--- Available records Enclosed Below ---

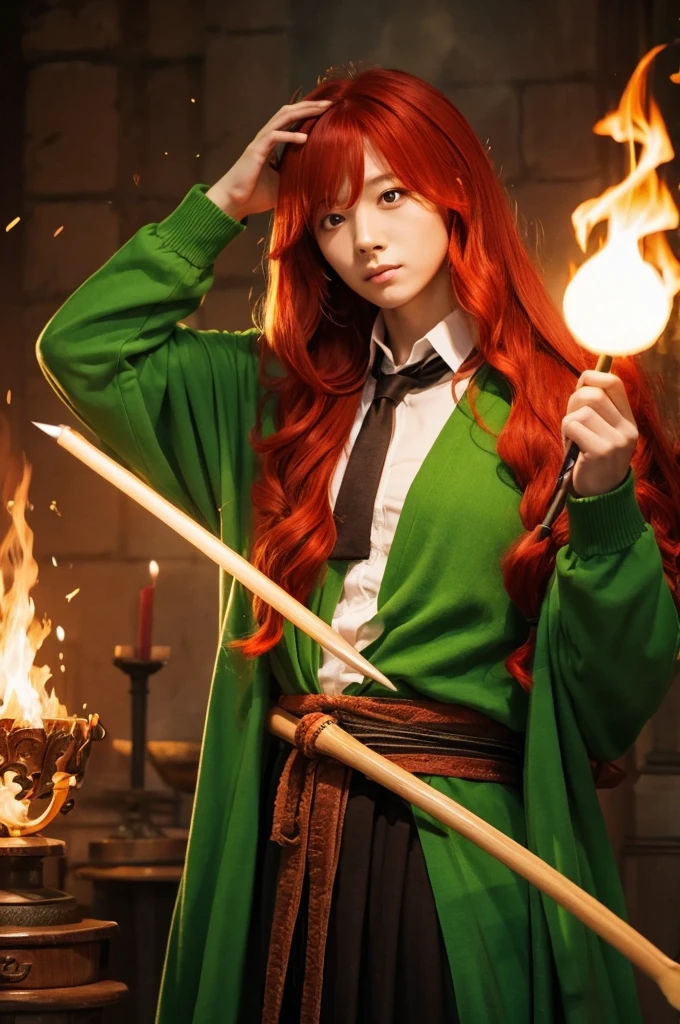 Red hair、long hair、Green cardigan、Wizard、Cane、Fire Magic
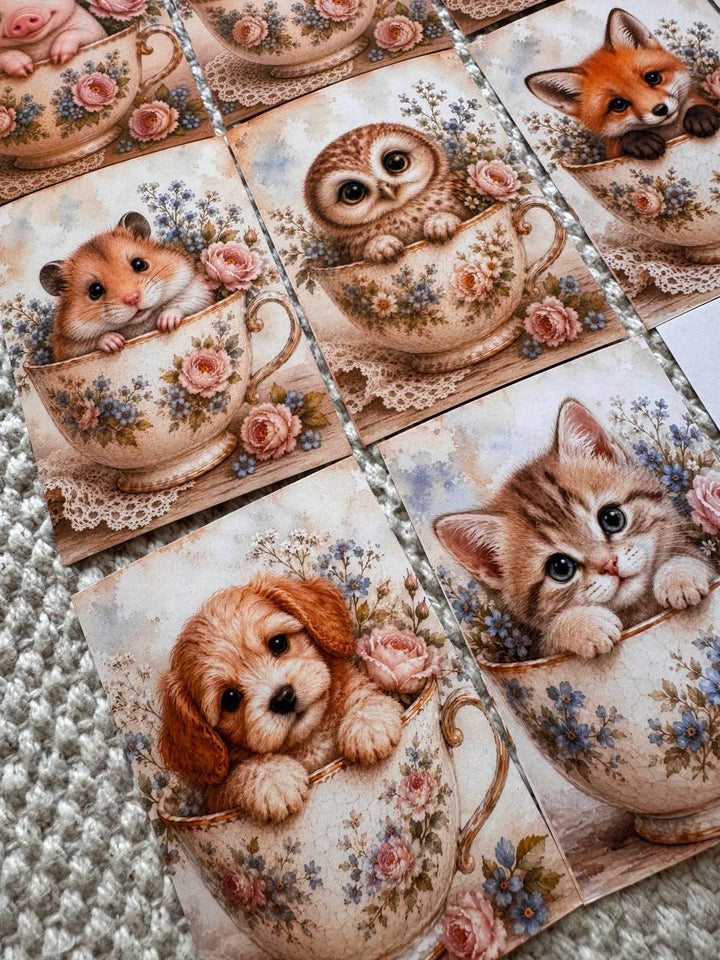 Vintage Animals in Teacups Stickers Set of 16, Cute Cottagecore Ephemera, Bunny Fox Owl Kitten Journal Stickers UK Made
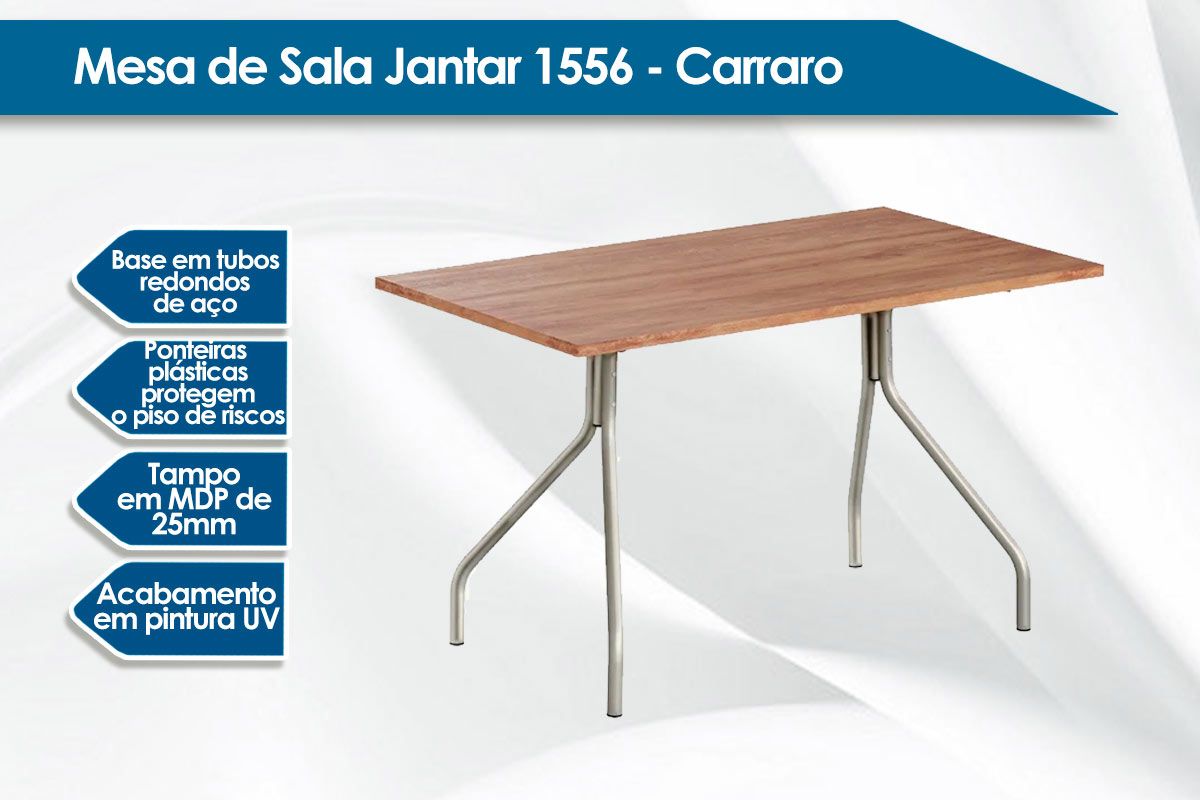 Mesa Jantar 1556 Aço c/Tampo Madeirado 136x80cm Carraro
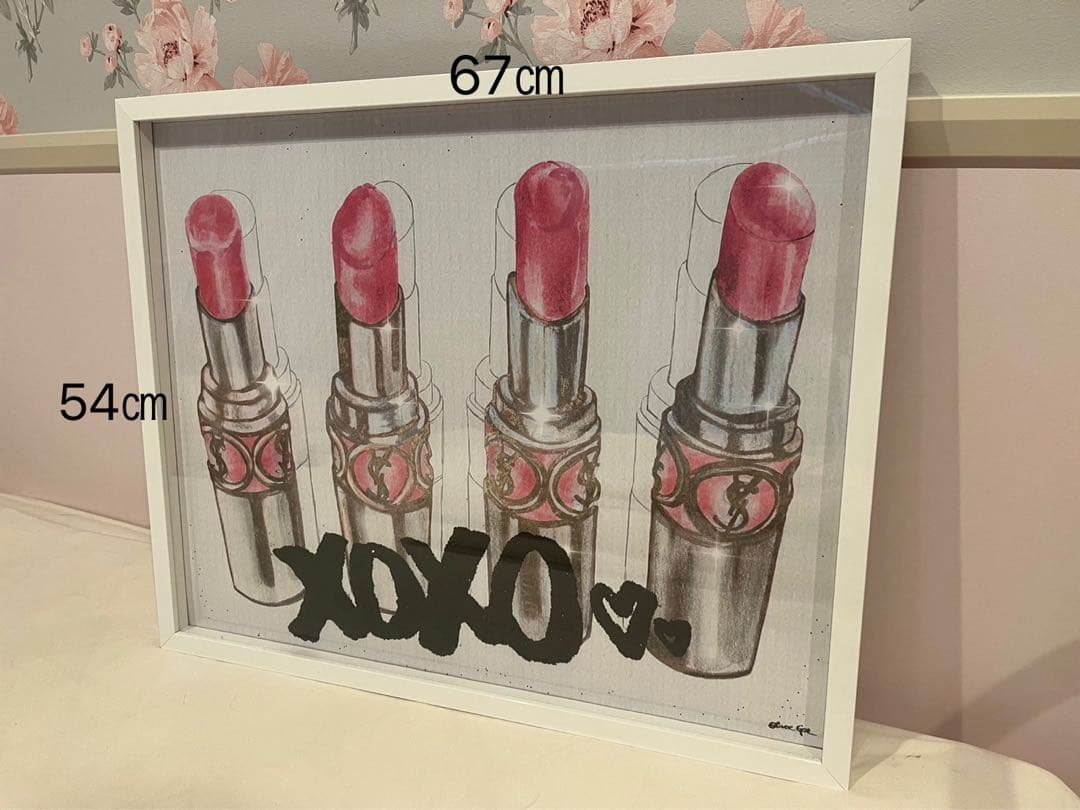 オリバーガル　Oliver gal 絵画　サンローラン　YSL リップ　額付き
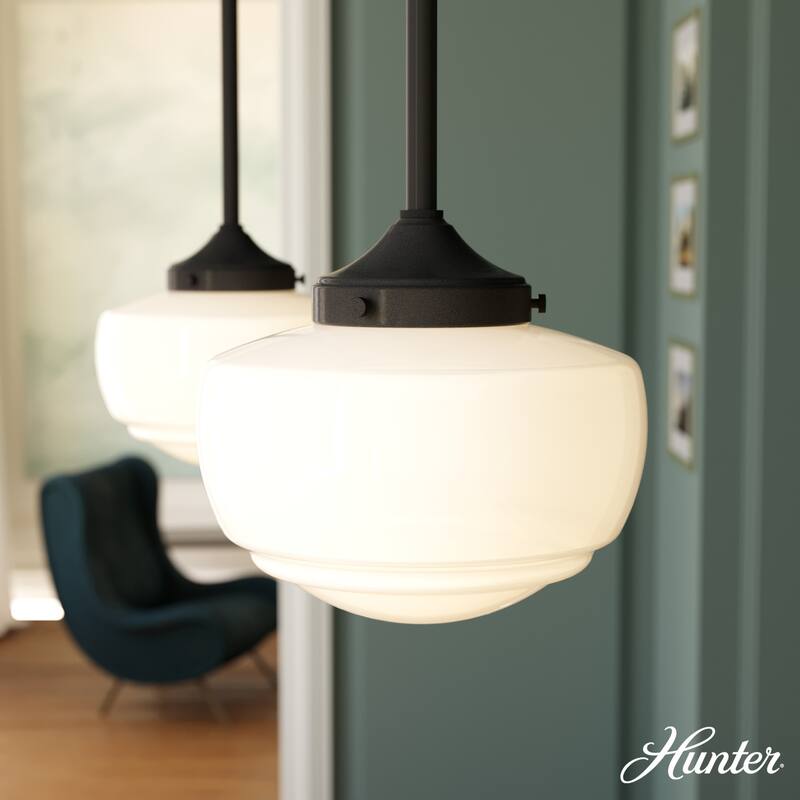 Hunter Saddle Creek 1-Light Mini Pendant / Semi-Flush Mount Ceiling Light - Kitchen Island, Dining Room, Hallway - Noble Bronze-White Glass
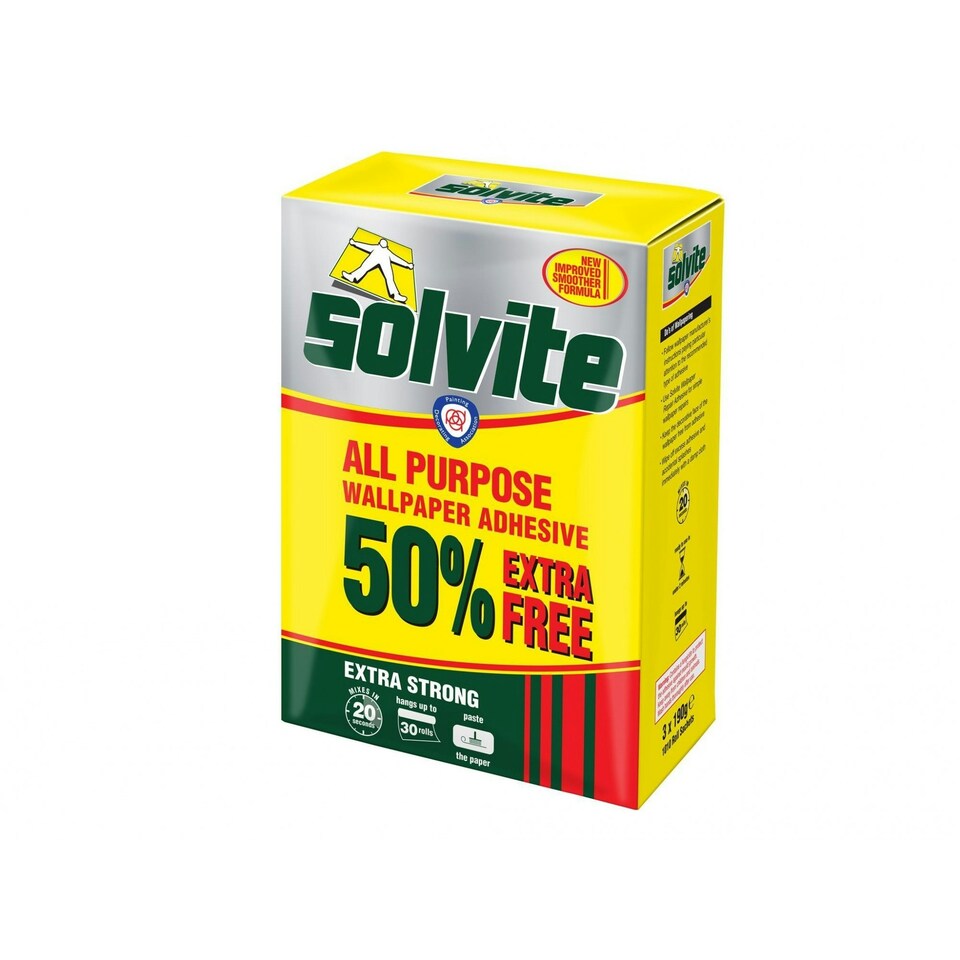 Solvite All Purpose Extra Strong Wallpaper Paste - Multi Colour - 20 Roll Box with 50% Free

--- End of Enclosed Available records ---

__What you should do__: A precise repetition of every entry, free of pictures, is the expected answer.

__Task response__:
 Red hair、long hair、Green cardigan、Wizard、Cane、Fire Magic
 Vintage Animals in Teacups Stickers Set of 16, Cute Cottagecore Ephemera, Bunny Fox Owl Kitten Journal Stickers UK Made
 Mesa Jantar 1556 Aço c/Tampo Madeirado 136x80cm Carraro
 オリバーガル　Oliver gal 絵画　サンローラン　YSL リップ　額付き
 Hunter Saddle Creek 1-Light Mini Pendant / Semi-Flush Mount Ceiling Light - Kitchen Island, Dining Room, Hallway - Noble Bronze-White Glass
 Solvite All Purpose Extra Strong Wallpaper Paste - Multi Colour - 20 Roll Box with 50% Free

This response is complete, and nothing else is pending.